Director/Writer: Michalis Konstantatos Writer: Michalis Konstantatos
Cast: Nicholas Vlachakis, Eleftheria Komi, Christos Saupountzis, Connie Zikou
104min Psychological Drama Greek with English subtitles
Michalis Konstantatos’s debut feature LUTON, initially appears to have about as much going for it as its eponymous Bedfordshire town. Suffocating in the same washed-out visuals and bland aesthetic as recent Greek “Weird Wave” outing (and Venice-winner) Miss Violence, it opens rather like an episode of EastEnders on valium, Greek-style, with monosyllabic dialogue. Following the workaday lives of three unconnected people: Eleftheria Komi plays Mary, a lonely solicitor looking for more than sex in her life, Saupountzis is Makis, a newsagent in a rut and Vlachakis is teenager Jimmy, trapped by his strict parents: all give performances of considerable appeal.
The film opens with dark-haired Mary exercising in the gym. We then meet Makis riffling through the pages of a newspaper, fag on the go, as he serves a blond customer. Mary, then goes lingerie shopping for her night out.
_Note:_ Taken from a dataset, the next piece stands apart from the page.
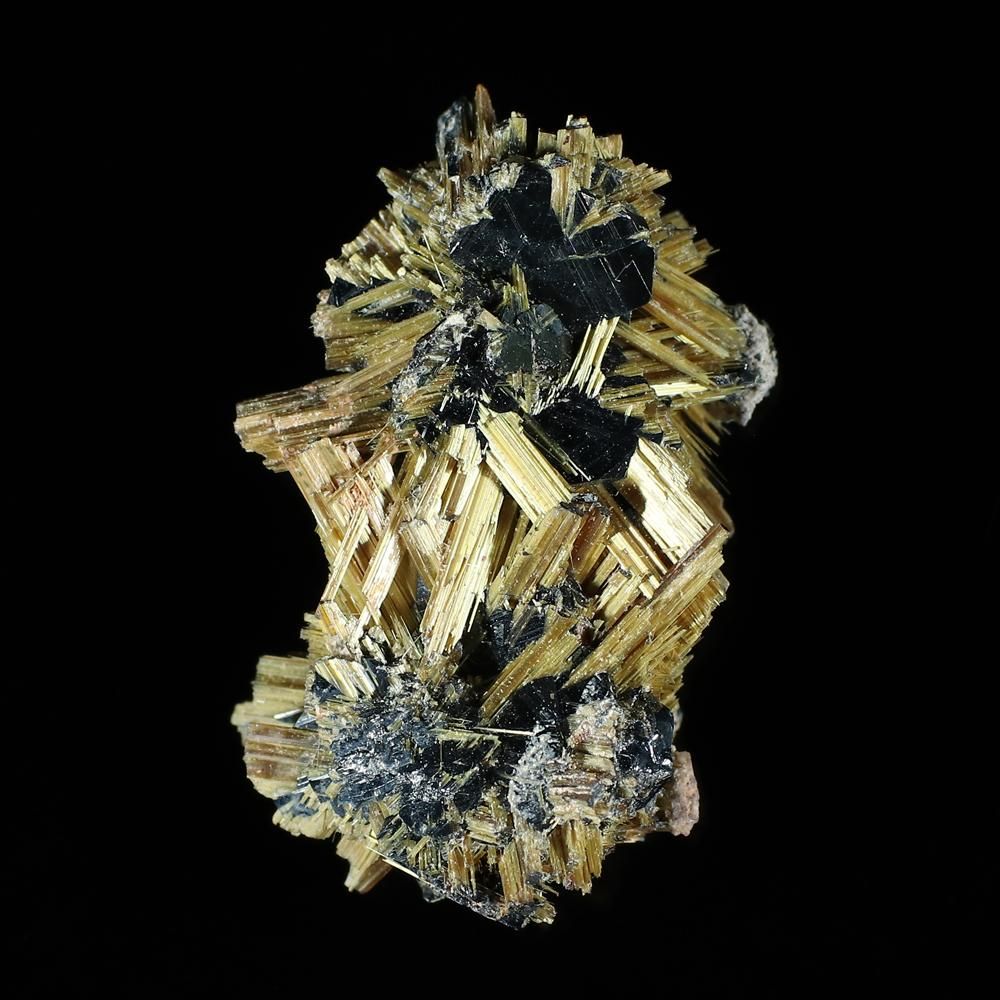 太陽放射ルチル 結晶/標本 [高さ17.7mm×横27.1mm×厚さ9.7mm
This dark lawyer is a dark horse and once inside the cubicle, she starts to fondle herself slowly. Meanwhile in a chinzy dining room, Jimmy has a stultifyingly silent dinner with his grandma and mum. Later in the park, a couple is snogging voraciously, endlessly: it’s Jimmy and his girlfriend. Mary’s evening at a nightclub ends in oral sex in the car park; no prizes for who’s the giver. And so Konstantatos continues to flesh out the ordinary lives of his sad protagonists and we wait patiently for the drama in this drama to be unleashed.
When their disparate lives eventually collide it’s almost too fast to process, given the deliberately banal build-up. LUTON is a slow-burner sharing its story cryptically, resentfully, eerily but eventually the pieces fall together in a cataclysmic meltdown leaving us mesmerised at its long-awaited denouement. Bide your time, if you can, and you will be rewarded. MT
LUTON IS SCREENING AT THE LONDON FILM FESTIVAL ON 20 OCTOBER 2013 AT HACKNEY PICTUREHOUSE.